Kanzler Scholz hat am Montag den Abschlussbericht der Gaspreiskommission erhalten / Fakten und Reaktionen im Überblick

Blaue Flammen eines Gasherds - Mittelstand unzufrieden mit Vorschlägen der Gaskommission

Berlin – Los geht es mit der Einmalzahlung für Haushalte und kleine Betriebe: Die Entlastungsvorschläge der Gaskommission will die Regierung zügig umsetzen. Unzufrieden ist der Mittelstand, die Preisbremse im März komme für kleinere Betriebe zu spät. Beim Gassparen und beim Speicherstand sieht es derweil gut aus, wie Zahlen belegen.
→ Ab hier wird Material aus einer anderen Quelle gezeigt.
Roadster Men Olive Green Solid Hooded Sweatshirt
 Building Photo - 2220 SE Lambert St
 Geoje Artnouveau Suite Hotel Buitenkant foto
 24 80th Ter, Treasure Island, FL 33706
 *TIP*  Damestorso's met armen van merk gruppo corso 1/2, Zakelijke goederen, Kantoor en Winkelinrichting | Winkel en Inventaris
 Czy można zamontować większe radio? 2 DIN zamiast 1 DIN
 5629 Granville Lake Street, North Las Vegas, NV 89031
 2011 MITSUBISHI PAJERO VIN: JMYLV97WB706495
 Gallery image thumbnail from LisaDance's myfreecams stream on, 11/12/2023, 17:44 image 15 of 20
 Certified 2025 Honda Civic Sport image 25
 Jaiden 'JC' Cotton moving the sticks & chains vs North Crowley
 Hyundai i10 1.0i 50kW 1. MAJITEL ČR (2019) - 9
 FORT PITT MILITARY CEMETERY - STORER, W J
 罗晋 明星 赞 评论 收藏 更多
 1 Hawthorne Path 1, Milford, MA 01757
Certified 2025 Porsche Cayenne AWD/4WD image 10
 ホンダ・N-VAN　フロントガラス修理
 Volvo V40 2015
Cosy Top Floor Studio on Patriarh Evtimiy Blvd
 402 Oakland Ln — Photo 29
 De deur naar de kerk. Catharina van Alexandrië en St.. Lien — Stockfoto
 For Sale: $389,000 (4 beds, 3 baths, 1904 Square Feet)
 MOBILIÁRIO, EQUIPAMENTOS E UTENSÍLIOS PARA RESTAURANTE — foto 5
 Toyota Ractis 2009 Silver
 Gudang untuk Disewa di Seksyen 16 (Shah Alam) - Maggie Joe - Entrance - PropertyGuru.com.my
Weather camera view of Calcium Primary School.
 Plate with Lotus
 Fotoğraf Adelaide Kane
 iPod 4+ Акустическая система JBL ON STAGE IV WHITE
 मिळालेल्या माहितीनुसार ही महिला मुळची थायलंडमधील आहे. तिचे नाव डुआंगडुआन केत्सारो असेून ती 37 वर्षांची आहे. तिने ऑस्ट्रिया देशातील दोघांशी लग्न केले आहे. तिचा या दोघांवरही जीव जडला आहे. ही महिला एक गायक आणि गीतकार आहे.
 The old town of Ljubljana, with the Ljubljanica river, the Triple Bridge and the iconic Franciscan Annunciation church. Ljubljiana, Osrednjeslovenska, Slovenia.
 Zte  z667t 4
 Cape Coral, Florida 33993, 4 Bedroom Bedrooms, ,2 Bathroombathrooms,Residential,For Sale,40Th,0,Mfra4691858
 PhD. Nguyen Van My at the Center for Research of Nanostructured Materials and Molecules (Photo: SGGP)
Kanzler Olaf Scholz hatte am Montag den Abschlussbericht der Gaspreiskommission erhalten. Die Experten empfehlen, im Dezember ein Zwölftel des Jahresverbrauchs zu erstatten, und dann im März 2023 bis Frühjahr 2024 eine Preisbremse für 80 Prozent des Verbrauchs einzuführen.

Hohe Einkommen müssen versteuern

Auf 12 Cent pro Kilowattstunde soll die Bremse den Gaspreis für Verbraucher und Kleinunternehmen nach dem Vorschlag der Kommission um die Wirtschaftsweise Veronika Grimm, den BDI-Präsidenten Siegfried Russwurm und den Chef der Gewerkschaft BCE Michael Vassiliadis begrenzen.

Des Weiteren plädieren die Experten dafür, dass Empfänger die Hilfen ab 72.000 Euro Jahreseinkommen versteuern sollen. Auch Prämien für Verbraucher als zusätzlicher Sparanreiz sowie einen Härtefall-Fonds für besonders Bedürftige schlägt der Abschlussbericht vor.

Die rund 25 000 industrielle Großkunden erhalten hingegen keine Dezembererstattung. Ihr Beschaffungspreis wird nach dem Vorschlag des Beratungsgremiums auf 7 Cent je Kilowattstunde gedeckelt. Für 70 Prozent des Vorjahreskonsums gilt dieser Rabatt. Darüber ist der Marktpreis fällig.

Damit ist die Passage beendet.